* **TASK GOAL**
Repeat the listing word for word. Leave every picture out.

* **INFORMATION SUPPLIED**
--- --- ---

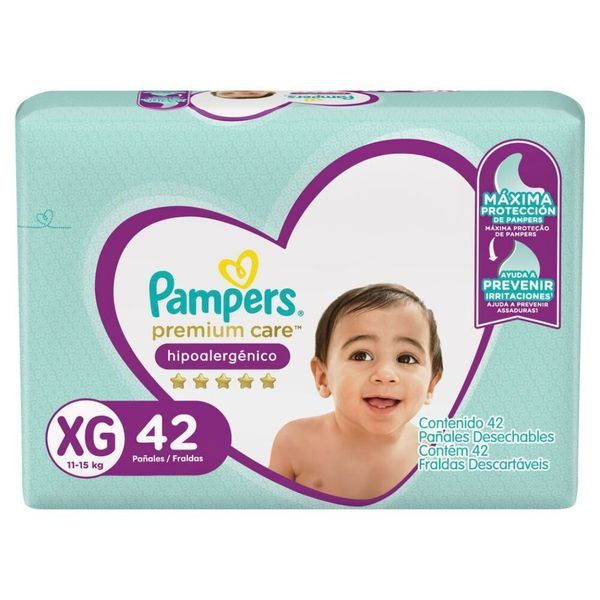 pampers.premium care 42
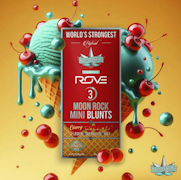 Presidential Mini Infused 3pk Blunts 2.1g Cherry Gelato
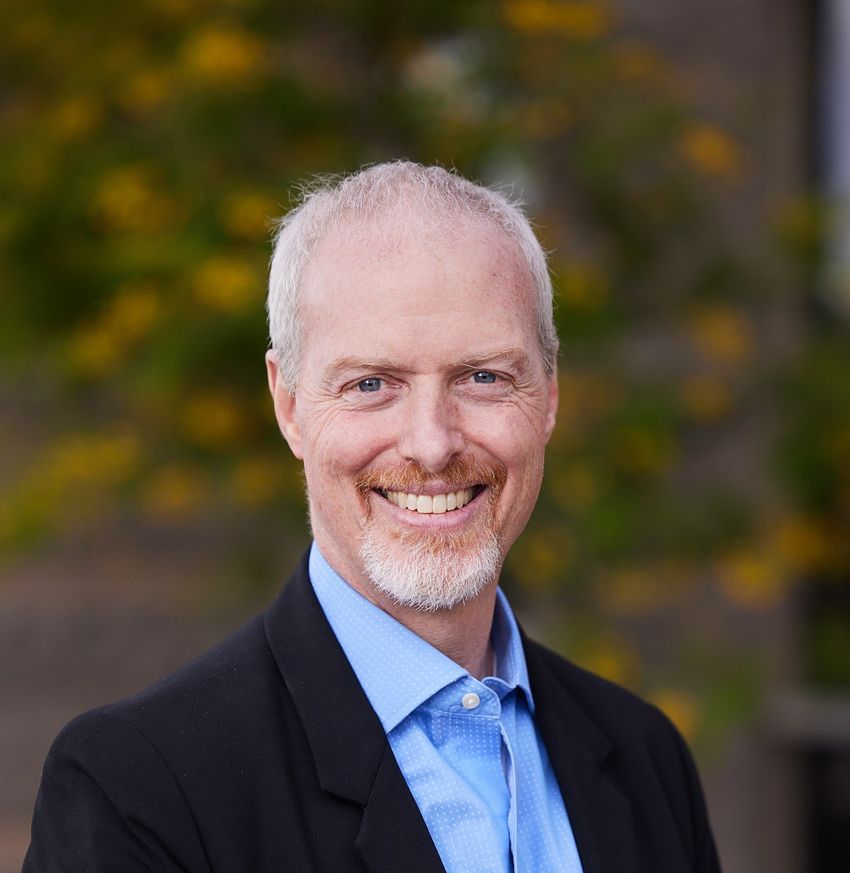 A headshot of Christopher Gibbons, the chief scientific officer and co-founder of CND Life Sciences. Credit: CND Life Sciences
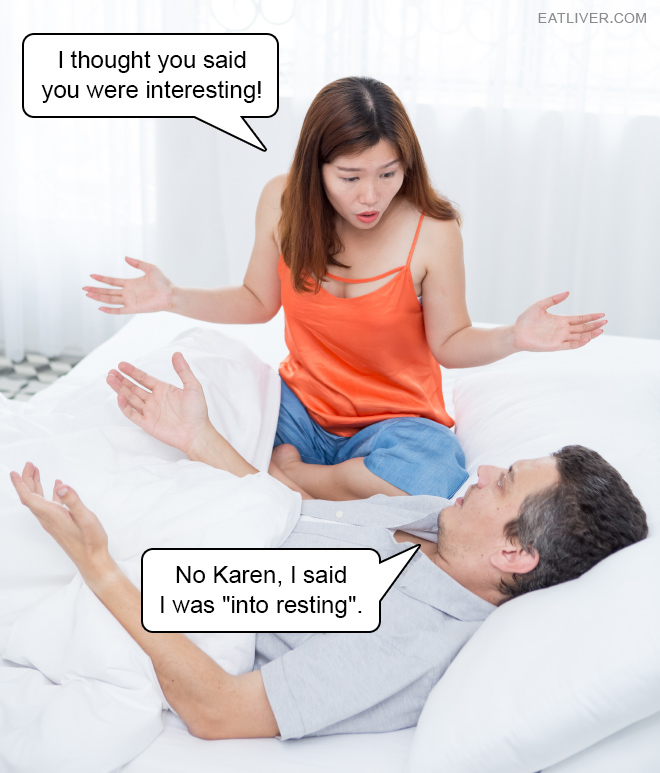 God damn it, Karen!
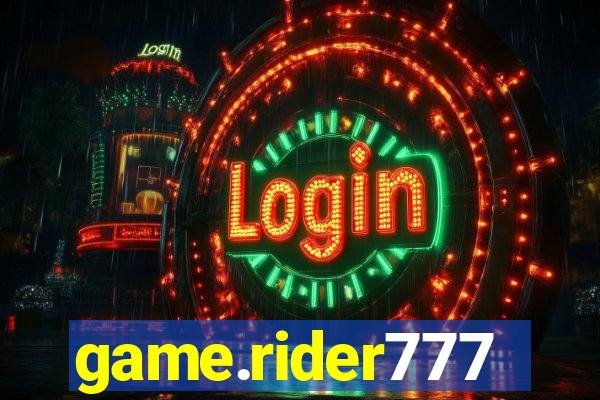 game.rider777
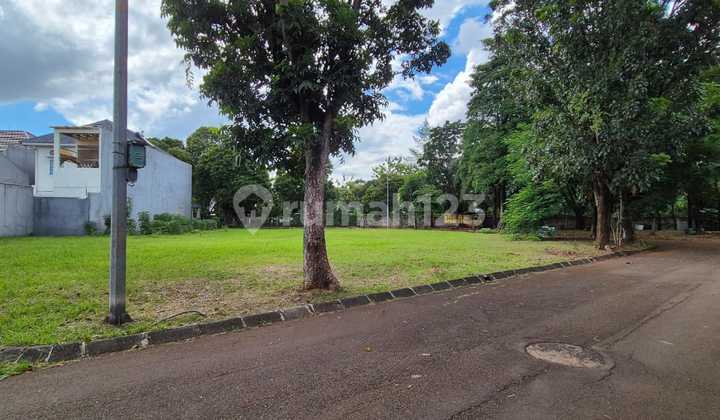 Kavling Hoek Lt 639m2 di BSD Giriloka View Lepas Cuma 11jt/m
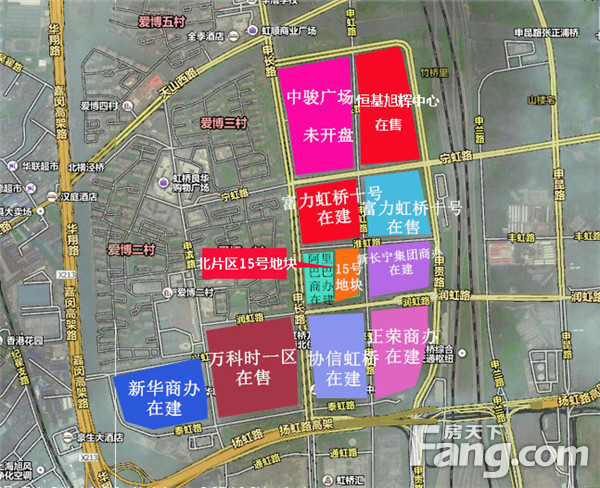 二海虹桥商务核心区一期01地块虹桥丽宝广场项目暖通设计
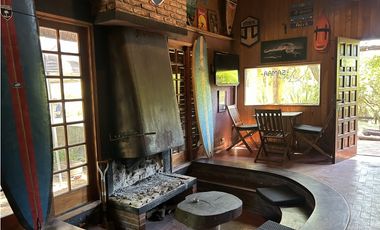 CABAÑA EN PINAMAR DE LAS ARTES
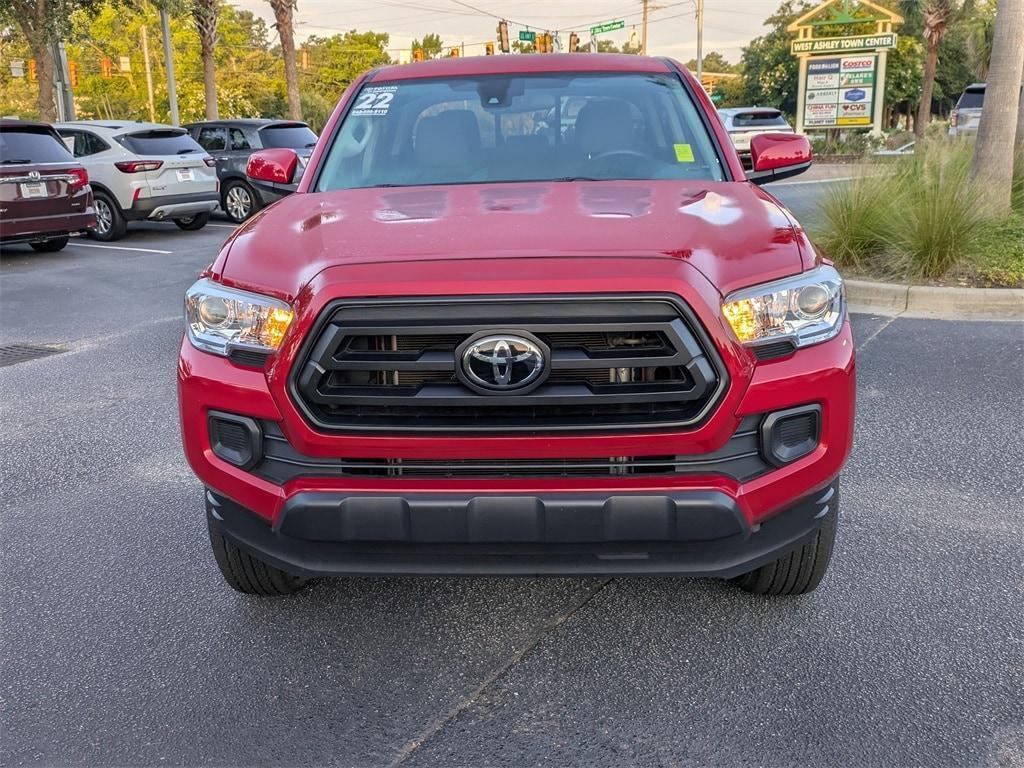 used 2022 Toyota Tacoma car, priced at $31,131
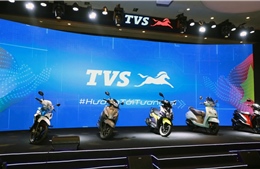 Công ty TVS Motor chính thức gia nhập thị trường Việt Nam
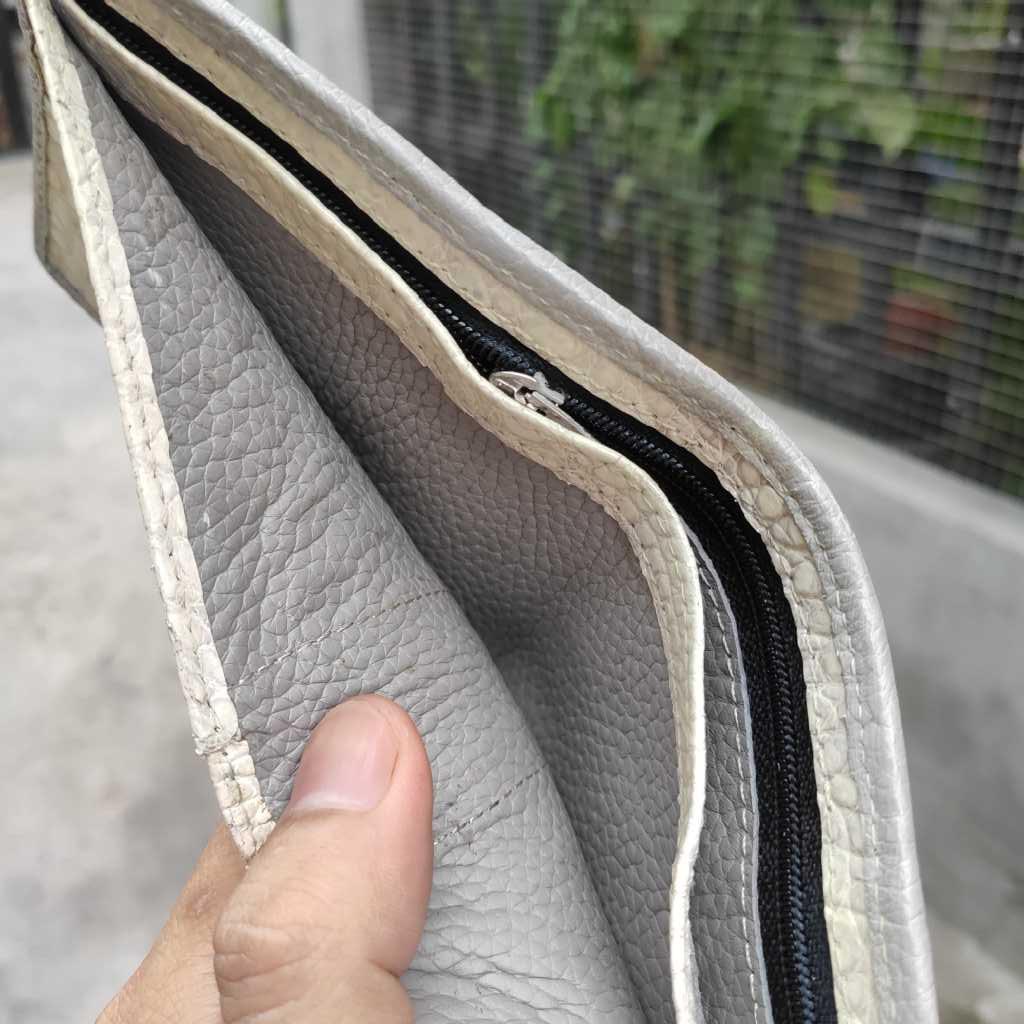 Ví gù cá sấu Bạch tạng không đụng hàng!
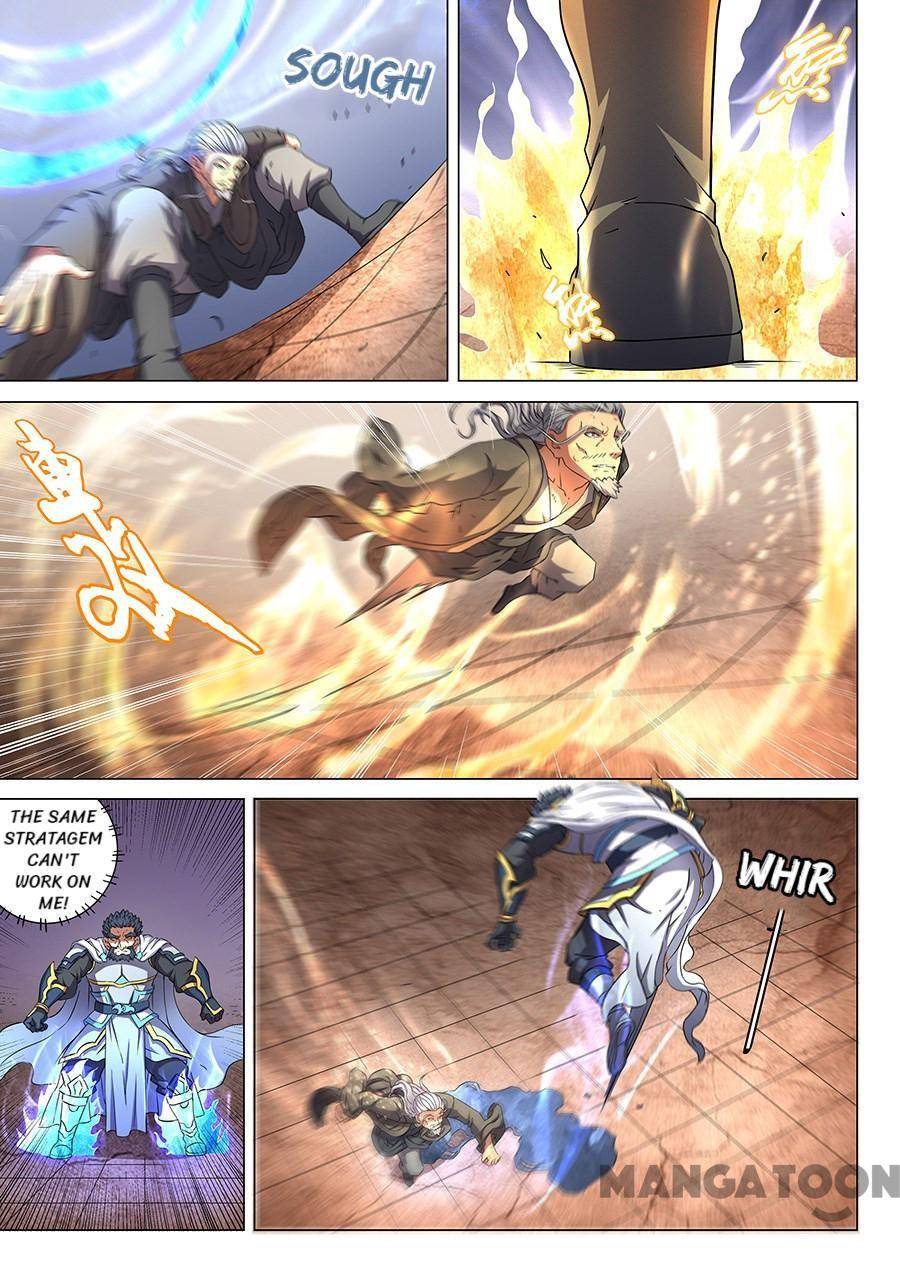 Read God of Martial Arts Manga Online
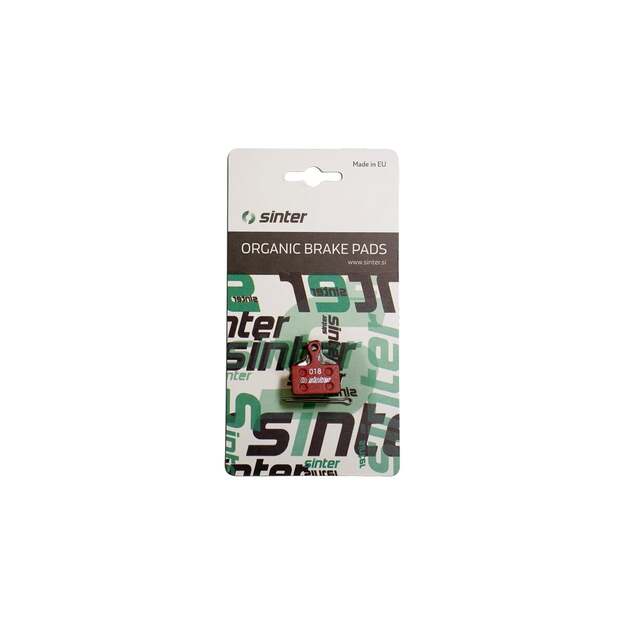 SINTER BRAKE PADS SHIMANO K TYPE RED (73-018-041-0) 5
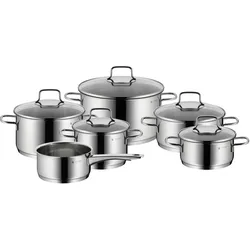 WMF Astoria, Pfannenset + Topfset, Silber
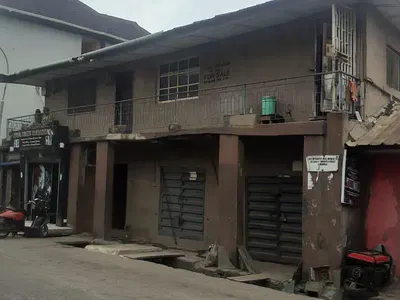 Storey Building and Bungalow on Half Plot — Adurosakin Street by Sanusi Junction, Shomolu, Lagos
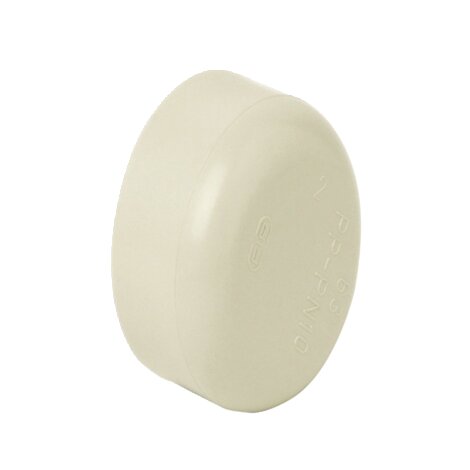 PP 75mm End Cap Plain PP 75mm End Cap Plain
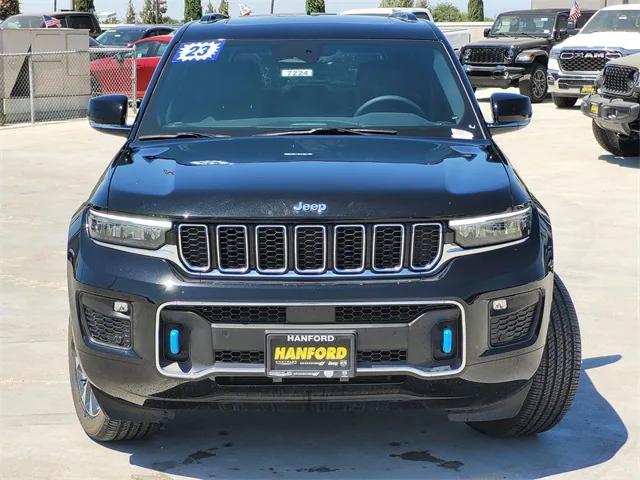 2023 Jeep Grand Cherokee 4xe GRAND CHEROKEE OVERLAND 4xe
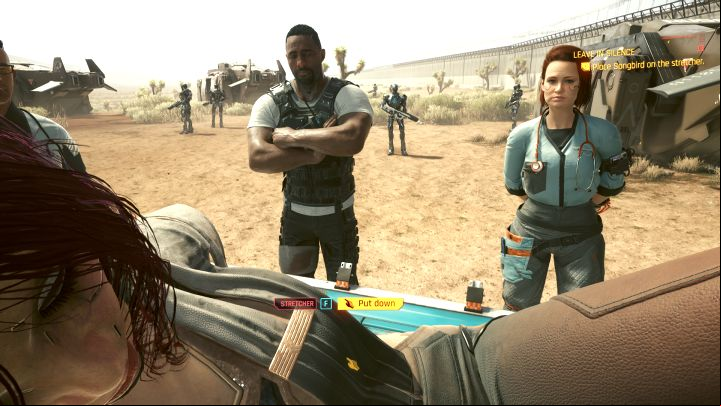 2 - Cyberpunk Phantom Liberty: Leave in Silence - walkthrough - Main quests - Cyberpunk 2077 Guide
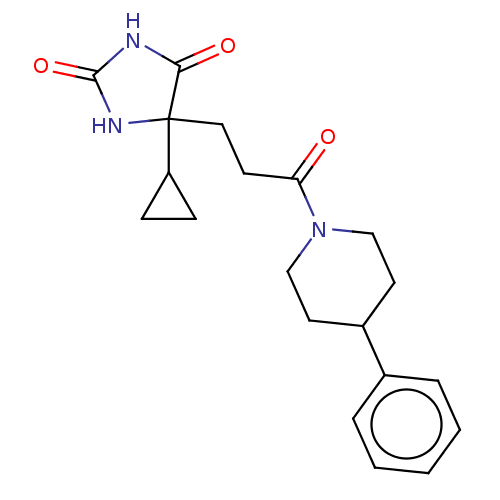 Chemical structure of BindingDB Monomer ID 429681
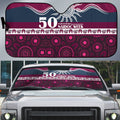 Sea Eagles NAIDOC Week Auto Sun Shade Aboriginal Torres Strait Islanders Vibe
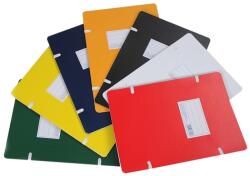 BLUERING szalagos irományfedél, A4, 1050g, 20 db, piros (SOMSZIRP)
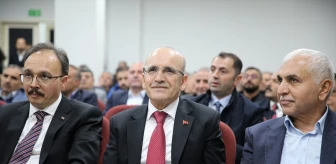 Hazine ve Maliye Bakanı Mehmet Şimşek Siirt'te Ziyaretler Gerçekleştirdi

--- --- ---

* **RESPONSE AREA**
 pampers.premium care 42
 Presidential Mini Infused 3pk Blunts 2.1g Cherry Gelato
 A headshot of Christopher Gibbons, the chief scientific officer and co-founder of CND Life Sciences. Credit: CND Life Sciences
 God damn it, Karen!
 game.rider777
 Kavling Hoek Lt 639m2 di BSD Giriloka View Lepas Cuma 11jt/m
 二海虹桥商务核心区一期01地块虹桥丽宝广场项目暖通设计
 CABAÑA EN PINAMAR DE LAS ARTES
 used 2022 Toyota Tacoma car, priced at $31,131
 Công ty TVS Motor chính thức gia nhập thị trường Việt Nam
 Ví gù cá sấu Bạch tạng không đụng hàng!
 Read God of Martial Arts Manga Online
 SINTER BRAKE PADS SHIMANO K TYPE RED (73-018-041-0) 5
 WMF Astoria, Pfannenset + Topfset, Silber
 Storey Building and Bungalow on Half Plot — Adurosakin Street by Sanusi Junction, Shomolu, Lagos
 PP 75mm End Cap Plain PP 75mm End Cap Plain
 2023 Jeep Grand Cherokee 4xe GRAND CHEROKEE OVERLAND 4xe
 2 - Cyberpunk Phantom Liberty: Leave in Silence - walkthrough - Main quests - Cyberpunk 2077 Guide
 Chemical structure of BindingDB Monomer ID 429681
 Sea Eagles NAIDOC Week Auto Sun Shade Aboriginal Torres Strait Islanders Vibe
 BLUERING szalagos irományfedél, A4, 1050g, 20 db, piros (SOMSZIRP)
 Hazine ve Maliye Bakanı Mehmet Şimşek Siirt'te Ziyaretler Gerçekleştirdi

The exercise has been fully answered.